[Stored data entries]
-.-.-
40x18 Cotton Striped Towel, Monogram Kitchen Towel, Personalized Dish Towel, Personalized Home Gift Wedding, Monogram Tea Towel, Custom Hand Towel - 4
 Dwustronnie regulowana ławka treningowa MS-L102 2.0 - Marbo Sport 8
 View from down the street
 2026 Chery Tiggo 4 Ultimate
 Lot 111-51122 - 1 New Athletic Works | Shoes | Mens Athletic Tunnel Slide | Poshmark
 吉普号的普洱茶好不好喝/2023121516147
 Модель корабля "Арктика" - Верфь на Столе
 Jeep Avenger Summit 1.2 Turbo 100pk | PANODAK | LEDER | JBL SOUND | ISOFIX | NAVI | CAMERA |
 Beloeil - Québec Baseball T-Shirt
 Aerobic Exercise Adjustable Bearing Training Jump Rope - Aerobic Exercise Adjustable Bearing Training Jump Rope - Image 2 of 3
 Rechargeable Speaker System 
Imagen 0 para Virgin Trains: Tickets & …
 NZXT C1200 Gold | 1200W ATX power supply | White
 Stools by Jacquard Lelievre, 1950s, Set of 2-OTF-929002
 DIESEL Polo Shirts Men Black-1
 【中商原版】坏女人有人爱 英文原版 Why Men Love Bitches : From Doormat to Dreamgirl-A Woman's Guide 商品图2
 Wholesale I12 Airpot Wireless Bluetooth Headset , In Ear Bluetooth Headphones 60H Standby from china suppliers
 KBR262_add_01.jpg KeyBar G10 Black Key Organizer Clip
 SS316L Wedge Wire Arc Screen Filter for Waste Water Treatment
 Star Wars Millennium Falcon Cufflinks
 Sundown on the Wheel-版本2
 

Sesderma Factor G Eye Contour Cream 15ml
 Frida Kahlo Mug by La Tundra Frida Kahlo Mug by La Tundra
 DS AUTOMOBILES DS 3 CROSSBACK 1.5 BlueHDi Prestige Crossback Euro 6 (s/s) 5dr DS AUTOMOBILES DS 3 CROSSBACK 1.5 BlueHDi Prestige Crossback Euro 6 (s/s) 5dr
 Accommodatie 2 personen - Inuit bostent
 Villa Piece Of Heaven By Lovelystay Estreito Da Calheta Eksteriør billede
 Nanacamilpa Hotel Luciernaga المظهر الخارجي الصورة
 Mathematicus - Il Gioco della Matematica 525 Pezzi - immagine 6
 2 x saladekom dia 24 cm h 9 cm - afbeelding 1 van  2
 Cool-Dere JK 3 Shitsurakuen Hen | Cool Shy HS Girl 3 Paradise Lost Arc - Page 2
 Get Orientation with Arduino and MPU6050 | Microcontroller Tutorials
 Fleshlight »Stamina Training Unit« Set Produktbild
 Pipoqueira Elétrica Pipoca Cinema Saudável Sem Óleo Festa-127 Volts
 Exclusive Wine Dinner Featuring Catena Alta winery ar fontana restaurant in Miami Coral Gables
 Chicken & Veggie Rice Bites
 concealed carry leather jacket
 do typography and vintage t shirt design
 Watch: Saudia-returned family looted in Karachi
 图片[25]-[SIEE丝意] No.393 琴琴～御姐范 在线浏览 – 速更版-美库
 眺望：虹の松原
-.-.-
→ Work required
Go through the records above and copy every line with the word "Training".

→ Written solution
 Aerobic Exercise Adjustable Bearing Training Jump Rope - Aerobic Exercise Adjustable Bearing Training Jump Rope - Image 2 of 3
 Fleshlight »Stamina Training Unit« Set Produktbild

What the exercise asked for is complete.